Start of Block

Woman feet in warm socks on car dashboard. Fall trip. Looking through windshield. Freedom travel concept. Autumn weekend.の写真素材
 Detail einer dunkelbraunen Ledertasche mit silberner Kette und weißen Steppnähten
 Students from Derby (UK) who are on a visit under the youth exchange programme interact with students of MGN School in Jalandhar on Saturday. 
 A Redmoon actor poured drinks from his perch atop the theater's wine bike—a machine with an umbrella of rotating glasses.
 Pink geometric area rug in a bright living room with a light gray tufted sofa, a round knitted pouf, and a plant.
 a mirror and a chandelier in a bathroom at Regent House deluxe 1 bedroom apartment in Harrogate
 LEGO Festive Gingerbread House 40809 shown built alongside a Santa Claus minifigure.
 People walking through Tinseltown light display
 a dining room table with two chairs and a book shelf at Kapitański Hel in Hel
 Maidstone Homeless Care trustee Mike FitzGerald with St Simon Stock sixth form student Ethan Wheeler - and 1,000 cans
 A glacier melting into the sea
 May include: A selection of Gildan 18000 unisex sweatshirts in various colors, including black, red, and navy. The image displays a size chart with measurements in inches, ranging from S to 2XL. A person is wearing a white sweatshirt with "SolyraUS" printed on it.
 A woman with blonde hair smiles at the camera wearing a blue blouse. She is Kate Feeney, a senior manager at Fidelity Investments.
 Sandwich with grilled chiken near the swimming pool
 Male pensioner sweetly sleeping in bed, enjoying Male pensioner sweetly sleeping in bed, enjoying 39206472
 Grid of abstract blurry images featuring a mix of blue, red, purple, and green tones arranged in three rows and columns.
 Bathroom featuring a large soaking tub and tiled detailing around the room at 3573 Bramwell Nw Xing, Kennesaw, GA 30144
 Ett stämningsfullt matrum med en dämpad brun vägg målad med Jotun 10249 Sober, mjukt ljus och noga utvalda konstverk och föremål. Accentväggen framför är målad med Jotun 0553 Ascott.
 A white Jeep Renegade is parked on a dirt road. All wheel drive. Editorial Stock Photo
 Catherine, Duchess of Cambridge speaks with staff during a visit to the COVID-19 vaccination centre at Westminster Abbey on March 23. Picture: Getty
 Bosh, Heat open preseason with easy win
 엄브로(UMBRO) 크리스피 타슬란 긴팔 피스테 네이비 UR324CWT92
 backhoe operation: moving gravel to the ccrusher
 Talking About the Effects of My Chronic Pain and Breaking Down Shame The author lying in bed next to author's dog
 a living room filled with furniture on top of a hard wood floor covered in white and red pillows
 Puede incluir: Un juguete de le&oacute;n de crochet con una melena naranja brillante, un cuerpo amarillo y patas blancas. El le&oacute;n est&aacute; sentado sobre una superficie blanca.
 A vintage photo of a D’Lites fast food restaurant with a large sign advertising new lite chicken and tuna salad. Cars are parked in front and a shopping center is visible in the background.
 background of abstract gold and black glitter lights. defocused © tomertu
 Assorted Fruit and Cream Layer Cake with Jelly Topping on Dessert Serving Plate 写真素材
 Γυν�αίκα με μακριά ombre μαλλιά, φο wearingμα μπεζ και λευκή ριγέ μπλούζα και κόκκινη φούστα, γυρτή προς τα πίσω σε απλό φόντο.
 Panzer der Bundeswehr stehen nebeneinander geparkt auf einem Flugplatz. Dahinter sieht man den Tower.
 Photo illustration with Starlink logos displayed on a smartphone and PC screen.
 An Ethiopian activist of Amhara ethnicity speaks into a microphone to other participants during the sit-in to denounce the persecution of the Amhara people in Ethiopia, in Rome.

End of Block

REQUIRED WORK:
Only the lines from the beginning of the data above through the line containing "Bathroom featuring a" should be repeated, exactly as they appear.

ANSWER BELOW:
Woman feet in warm socks on car dashboard. Fall trip. Looking through windshield. Freedom travel concept. Autumn weekend.の写真素材
 Detail einer dunkelbraunen Ledertasche mit silberner Kette und weißen Steppnähten
 Students from Derby (UK) who are on a visit under the youth exchange programme interact with students of MGN School in Jalandhar on Saturday. 
 A Redmoon actor poured drinks from his perch atop the theater's wine bike—a machine with an umbrella of rotating glasses.
 Pink geometric area rug in a bright living room with a light gray tufted sofa, a round knitted pouf, and a plant.
 a mirror and a chandelier in a bathroom at Regent House deluxe 1 bedroom apartment in Harrogate
 LEGO Festive Gingerbread House 40809 shown built alongside a Santa Claus minifigure.
 People walking through Tinseltown light display
 a dining room table with two chairs and a book shelf at Kapitański Hel in Hel
 Maidstone Homeless Care trustee Mike FitzGerald with St Simon Stock sixth form student Ethan Wheeler - and 1,000 cans
 A glacier melting into the sea
 May include: A selection of Gildan 18000 unisex sweatshirts in various colors, including black, red, and navy. The image displays a size chart with measurements in inches, ranging from S to 2XL. A person is wearing a white sweatshirt with "SolyraUS" printed on it.
 A woman with blonde hair smiles at the camera wearing a blue blouse. She is Kate Feeney, a senior manager at Fidelity Investments.
 Sandwich with grilled chiken near the swimming pool
 Male pensioner sweetly sleeping in bed, enjoying Male pensioner sweetly sleeping in bed, enjoying 39206472
 Grid of abstract blurry images featuring a mix of blue, red, purple, and green tones arranged in three rows and columns.
 Bathroom featuring a large soaking tub and tiled detailing around the room at 3573 Bramwell Nw Xing, Kennesaw, GA 30144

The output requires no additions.